New SANSA app to improve SANDF secure communications

     

Imagine relying on a wall of numbers to find the best rush-hour route from your home to work, instead of your mobile phone’s map app, which uses live traffic reports to calculate the fastest route as you drive. What navigation apps have done for modern commuting amid constantly changing traffic, SANSA engineers have done for a type of communication technology that relies on signals that travel via the ionosphere and are sensitive to constantly changing space weather.

New and improved IOCAP tool: the user-friendly interface and graphics makes the job of a high-frequency propagation software operator far less daunting.

This type of communication, called high-frequency (HF) radio, was common before satellite radio communication became the norm, particularly for long-distance communication. 

Countries that do not have access to satellite communications still rely on it, and it offers a variety of security perks that the South African National Defence Force (SANDF) and other parties still use.

However, HF signal propagation (how these radio waves travel) is sensitive to the volatile changes in space weather that occurs in the ionosphere, so the SANDF needs accurate forecasts of the conditions that might affect usable frequencies for HF communications.

SANSA has thus been providing space weather data to the SANDF for better HF signal propagation forecasts for several years. And now, software engineers have made the forecasting easier than ever: they’ve developed a visual, intuitive tool called Ionospheric Characterisation, Analysis and Prediction (IOCAP).

Before, operators relied on unintuitive tables of raw data – a wall of numbers, so to speak – to make sense of how space weather conditions might affect the way HF signals travel (or propagate).

“These products are technical, and very hard to read, so people wanted an operational solution,” says SANSA’s Piet van Zyl, who is responsible for developing the IOCAP tool. 

Techichnical operators who cut their teeth on HF communications are adept at interpreting the “wall of numbers” software, and it is still ideal for research. But younger operators, not as clued up on the underlying science yet, need something visual and intuitive for forecasting. “It’s a formidable thing to study,” says Van Zyl. 

In other words, the software SANSA has created makes the jobs of these high-frequency propagation software operators much less daunting. In fact, the IOCAP tool looks set to change the landscape of high-frequency predictions like nothing else on the market.

“We created a canvas with a dual-map system so that you can zoom right down to street-level,” says van Zyl. The IOCAP tool also makes use of colour-coded charts to help the operator make sense of the numbers.

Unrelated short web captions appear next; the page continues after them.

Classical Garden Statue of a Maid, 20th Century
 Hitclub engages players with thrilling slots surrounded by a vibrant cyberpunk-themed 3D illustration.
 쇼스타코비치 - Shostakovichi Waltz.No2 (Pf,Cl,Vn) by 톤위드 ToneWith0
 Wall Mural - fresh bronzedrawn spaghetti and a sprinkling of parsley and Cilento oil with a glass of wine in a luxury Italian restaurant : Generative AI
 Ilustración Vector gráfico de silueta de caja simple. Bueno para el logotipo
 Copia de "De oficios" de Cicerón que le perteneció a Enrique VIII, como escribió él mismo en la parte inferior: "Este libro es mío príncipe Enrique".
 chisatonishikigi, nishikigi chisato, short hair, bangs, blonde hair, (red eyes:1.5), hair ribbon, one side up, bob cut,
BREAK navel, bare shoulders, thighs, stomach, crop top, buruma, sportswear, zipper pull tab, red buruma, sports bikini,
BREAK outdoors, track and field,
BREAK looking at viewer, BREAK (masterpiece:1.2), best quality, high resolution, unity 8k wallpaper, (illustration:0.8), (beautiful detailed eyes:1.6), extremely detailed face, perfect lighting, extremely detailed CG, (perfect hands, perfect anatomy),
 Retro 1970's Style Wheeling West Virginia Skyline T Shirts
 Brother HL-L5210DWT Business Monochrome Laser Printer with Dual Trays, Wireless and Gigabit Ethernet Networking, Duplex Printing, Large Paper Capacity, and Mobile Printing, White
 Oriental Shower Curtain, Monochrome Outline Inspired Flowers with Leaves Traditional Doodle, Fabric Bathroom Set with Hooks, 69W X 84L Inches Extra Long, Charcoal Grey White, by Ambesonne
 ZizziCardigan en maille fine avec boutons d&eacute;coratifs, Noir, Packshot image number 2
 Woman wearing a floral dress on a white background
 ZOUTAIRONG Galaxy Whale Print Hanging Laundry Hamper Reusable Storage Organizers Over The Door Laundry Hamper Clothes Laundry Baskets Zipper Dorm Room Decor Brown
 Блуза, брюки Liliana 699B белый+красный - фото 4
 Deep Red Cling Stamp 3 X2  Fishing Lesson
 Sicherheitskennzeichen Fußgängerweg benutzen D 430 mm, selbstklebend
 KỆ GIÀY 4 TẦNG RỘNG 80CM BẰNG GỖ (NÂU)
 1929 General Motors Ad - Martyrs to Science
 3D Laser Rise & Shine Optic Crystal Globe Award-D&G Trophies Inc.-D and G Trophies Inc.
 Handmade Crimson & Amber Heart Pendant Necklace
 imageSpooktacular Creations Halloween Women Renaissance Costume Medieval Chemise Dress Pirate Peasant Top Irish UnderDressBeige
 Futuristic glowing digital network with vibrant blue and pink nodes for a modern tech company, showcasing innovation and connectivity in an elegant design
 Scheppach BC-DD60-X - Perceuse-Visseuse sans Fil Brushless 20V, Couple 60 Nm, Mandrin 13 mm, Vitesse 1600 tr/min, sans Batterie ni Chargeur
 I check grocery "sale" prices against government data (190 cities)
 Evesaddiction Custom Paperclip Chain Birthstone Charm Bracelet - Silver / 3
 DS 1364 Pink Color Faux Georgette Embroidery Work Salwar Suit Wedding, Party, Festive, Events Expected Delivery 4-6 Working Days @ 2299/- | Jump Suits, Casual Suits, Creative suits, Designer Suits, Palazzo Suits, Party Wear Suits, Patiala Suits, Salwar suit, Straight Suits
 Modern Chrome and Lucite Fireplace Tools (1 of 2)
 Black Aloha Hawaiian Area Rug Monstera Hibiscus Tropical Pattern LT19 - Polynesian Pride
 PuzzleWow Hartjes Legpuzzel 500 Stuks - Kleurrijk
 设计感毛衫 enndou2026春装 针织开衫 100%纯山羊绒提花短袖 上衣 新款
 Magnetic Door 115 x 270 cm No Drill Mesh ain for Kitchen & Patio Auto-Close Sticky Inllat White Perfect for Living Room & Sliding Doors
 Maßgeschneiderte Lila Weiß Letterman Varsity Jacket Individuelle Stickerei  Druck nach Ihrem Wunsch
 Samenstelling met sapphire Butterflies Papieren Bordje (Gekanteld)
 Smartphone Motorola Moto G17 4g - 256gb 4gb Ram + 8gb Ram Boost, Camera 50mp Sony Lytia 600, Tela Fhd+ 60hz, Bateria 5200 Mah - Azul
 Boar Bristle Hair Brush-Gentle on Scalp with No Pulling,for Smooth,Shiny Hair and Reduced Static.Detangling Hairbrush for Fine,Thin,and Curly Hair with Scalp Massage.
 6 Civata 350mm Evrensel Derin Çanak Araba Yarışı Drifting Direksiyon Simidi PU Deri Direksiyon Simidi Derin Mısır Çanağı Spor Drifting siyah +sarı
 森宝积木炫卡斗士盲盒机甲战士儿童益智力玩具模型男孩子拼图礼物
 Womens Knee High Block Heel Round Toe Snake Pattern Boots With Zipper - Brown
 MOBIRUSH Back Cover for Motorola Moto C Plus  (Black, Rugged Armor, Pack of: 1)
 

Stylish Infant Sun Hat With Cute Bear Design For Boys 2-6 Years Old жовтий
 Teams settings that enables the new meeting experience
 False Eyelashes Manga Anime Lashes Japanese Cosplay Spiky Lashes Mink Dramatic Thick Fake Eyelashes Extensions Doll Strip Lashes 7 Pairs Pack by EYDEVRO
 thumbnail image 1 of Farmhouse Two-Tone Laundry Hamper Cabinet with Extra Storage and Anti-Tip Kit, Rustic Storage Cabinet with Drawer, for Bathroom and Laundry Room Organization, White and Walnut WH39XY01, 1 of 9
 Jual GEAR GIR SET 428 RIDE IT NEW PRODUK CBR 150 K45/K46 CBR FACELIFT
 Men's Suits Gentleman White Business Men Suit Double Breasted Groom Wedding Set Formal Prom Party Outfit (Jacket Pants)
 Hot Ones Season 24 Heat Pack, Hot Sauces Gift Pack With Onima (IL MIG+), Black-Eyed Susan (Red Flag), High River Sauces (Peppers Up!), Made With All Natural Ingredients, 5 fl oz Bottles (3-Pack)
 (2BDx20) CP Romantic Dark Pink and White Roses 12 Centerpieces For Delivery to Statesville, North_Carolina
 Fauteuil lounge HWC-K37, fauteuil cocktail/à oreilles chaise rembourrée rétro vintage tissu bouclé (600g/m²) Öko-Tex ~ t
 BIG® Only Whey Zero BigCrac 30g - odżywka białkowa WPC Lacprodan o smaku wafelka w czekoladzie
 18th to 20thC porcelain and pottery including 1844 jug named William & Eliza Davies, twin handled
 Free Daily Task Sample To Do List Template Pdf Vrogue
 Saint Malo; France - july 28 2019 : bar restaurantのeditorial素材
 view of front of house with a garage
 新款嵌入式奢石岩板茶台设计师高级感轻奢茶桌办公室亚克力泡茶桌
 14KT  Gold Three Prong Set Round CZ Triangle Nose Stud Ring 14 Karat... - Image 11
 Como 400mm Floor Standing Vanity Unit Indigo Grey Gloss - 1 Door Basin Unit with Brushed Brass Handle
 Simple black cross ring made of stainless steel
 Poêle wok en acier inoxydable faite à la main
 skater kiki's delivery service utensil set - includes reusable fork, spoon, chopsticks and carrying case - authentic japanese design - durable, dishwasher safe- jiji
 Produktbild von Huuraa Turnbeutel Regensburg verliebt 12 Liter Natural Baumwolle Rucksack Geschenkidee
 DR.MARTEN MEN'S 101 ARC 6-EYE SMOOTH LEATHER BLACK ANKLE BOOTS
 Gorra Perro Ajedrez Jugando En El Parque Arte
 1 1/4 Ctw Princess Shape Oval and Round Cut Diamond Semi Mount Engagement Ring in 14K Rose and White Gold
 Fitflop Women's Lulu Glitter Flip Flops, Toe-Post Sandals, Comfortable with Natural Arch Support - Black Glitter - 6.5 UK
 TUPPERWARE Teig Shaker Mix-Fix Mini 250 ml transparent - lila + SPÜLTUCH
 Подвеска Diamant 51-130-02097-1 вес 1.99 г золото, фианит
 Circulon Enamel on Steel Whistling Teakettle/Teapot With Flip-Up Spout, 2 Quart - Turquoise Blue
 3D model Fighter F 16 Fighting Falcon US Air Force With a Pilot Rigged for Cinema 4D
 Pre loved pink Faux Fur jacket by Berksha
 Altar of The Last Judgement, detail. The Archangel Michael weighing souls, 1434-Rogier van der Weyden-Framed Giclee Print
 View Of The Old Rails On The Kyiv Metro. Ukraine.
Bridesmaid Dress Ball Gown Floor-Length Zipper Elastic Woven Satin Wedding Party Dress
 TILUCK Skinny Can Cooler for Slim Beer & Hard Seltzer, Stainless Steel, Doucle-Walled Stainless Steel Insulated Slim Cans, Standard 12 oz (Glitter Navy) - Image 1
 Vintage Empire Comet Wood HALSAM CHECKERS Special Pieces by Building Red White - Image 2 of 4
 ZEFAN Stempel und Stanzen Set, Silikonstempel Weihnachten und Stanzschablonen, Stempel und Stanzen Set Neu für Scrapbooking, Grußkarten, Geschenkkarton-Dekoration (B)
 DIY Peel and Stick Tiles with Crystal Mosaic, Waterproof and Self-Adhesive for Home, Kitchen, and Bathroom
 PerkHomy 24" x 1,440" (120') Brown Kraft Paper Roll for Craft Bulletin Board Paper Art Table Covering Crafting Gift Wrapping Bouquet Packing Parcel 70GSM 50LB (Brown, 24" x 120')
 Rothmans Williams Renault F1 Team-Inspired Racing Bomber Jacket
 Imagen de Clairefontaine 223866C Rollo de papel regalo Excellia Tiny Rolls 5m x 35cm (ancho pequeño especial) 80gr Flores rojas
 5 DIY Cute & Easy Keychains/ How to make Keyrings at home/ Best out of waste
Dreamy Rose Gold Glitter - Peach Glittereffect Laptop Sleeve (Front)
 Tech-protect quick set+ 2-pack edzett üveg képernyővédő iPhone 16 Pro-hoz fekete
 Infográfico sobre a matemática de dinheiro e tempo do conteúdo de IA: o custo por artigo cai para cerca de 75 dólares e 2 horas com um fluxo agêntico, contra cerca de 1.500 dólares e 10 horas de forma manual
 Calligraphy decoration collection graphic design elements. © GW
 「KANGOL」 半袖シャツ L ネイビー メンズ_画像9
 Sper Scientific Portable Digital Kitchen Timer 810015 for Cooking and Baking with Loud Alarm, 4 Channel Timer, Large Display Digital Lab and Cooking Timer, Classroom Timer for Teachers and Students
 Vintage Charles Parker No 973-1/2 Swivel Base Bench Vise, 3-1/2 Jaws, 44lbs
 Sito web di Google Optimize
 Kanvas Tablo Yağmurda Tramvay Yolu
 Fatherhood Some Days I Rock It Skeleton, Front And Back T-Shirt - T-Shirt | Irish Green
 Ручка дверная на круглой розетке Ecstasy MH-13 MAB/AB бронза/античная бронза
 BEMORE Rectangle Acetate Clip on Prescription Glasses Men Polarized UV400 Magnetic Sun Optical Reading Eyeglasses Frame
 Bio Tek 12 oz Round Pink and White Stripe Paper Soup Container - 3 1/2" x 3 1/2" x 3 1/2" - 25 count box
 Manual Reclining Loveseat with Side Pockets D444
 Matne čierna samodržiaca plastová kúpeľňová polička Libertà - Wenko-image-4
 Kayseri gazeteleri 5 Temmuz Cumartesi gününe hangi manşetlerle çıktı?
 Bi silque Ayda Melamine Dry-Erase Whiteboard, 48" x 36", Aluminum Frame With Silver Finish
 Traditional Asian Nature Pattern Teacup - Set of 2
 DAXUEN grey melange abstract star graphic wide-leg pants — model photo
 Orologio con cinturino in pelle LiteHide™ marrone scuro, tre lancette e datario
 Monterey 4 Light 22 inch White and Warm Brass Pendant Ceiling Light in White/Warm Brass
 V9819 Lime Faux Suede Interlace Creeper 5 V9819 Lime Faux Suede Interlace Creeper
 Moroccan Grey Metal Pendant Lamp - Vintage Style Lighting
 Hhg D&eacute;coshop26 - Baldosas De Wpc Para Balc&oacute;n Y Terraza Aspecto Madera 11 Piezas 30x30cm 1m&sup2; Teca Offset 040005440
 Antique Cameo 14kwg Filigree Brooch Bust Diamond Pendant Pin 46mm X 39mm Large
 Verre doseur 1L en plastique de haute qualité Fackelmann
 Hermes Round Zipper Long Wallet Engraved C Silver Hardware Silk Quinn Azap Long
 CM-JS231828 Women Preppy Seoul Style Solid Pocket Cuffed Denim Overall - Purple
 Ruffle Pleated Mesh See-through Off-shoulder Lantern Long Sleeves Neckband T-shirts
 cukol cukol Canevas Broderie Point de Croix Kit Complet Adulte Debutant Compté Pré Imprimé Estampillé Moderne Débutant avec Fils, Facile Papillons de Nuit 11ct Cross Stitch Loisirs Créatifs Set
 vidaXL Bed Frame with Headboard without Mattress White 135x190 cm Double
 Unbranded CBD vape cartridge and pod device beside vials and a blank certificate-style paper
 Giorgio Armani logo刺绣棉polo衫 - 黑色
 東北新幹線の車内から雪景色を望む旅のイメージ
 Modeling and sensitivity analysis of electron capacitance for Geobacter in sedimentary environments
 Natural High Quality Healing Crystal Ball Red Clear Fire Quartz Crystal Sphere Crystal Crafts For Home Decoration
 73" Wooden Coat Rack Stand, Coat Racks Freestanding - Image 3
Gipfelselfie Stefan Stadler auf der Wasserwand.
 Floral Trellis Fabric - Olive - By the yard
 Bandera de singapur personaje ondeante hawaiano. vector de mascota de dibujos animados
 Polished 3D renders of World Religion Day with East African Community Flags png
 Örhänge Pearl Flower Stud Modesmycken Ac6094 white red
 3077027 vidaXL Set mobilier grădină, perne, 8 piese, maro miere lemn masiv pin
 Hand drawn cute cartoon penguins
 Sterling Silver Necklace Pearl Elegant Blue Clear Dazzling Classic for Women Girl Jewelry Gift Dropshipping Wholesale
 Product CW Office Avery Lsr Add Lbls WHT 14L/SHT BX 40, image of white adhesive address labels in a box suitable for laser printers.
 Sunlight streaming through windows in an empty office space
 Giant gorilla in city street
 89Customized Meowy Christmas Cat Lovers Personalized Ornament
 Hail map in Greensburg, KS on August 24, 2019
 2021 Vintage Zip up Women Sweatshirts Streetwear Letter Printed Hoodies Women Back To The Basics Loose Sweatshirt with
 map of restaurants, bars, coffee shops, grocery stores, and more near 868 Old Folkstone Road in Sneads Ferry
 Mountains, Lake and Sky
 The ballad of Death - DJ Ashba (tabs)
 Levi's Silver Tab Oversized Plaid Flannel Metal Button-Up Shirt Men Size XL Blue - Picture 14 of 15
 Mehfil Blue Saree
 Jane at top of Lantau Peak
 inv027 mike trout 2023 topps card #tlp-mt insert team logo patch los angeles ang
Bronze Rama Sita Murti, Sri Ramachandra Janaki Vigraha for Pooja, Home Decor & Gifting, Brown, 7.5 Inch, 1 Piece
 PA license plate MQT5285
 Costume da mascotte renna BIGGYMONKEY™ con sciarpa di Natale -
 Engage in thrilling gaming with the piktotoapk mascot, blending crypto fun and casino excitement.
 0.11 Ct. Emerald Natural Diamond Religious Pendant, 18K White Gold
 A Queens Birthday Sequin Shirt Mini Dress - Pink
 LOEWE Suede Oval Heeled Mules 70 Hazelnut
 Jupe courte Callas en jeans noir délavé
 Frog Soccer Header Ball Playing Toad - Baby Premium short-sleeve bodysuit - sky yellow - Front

Having created a much more immersive environment for users, the IOCAP tool also removes the need to worry about complex settings – the default is intuitive and works well. The developers devised what they call the triangle of prediction, which uses colour to display how useful a prediction may be.

The IOCAP tool also helps train new operators on how to make sense of the scientific theories behind the frequency predictions. “They see the science behind it all demonstrated practically in an operational setting in front of them; this makes it an extremely valuable training tool.”

Feedback has been positive at different levels of experience. For example, a SANDF colonel said all he needs now is his “radio and this software,” as opposed to the many tables he would need before, says Van Zyl.

“The production software we have right now is the result of this sort of feedback,” he says. 

Other improvements include being able to make two paired frequency predictions for the two transmitters of a circuit in one step, and predictions for communication with moving receivers such as on a ship or a vehicle.

Van Zyl hopes the tool will be implemented successfully in the SANDF – he says it would be a great example of a modern, convenient, innovative, and proudly South African product.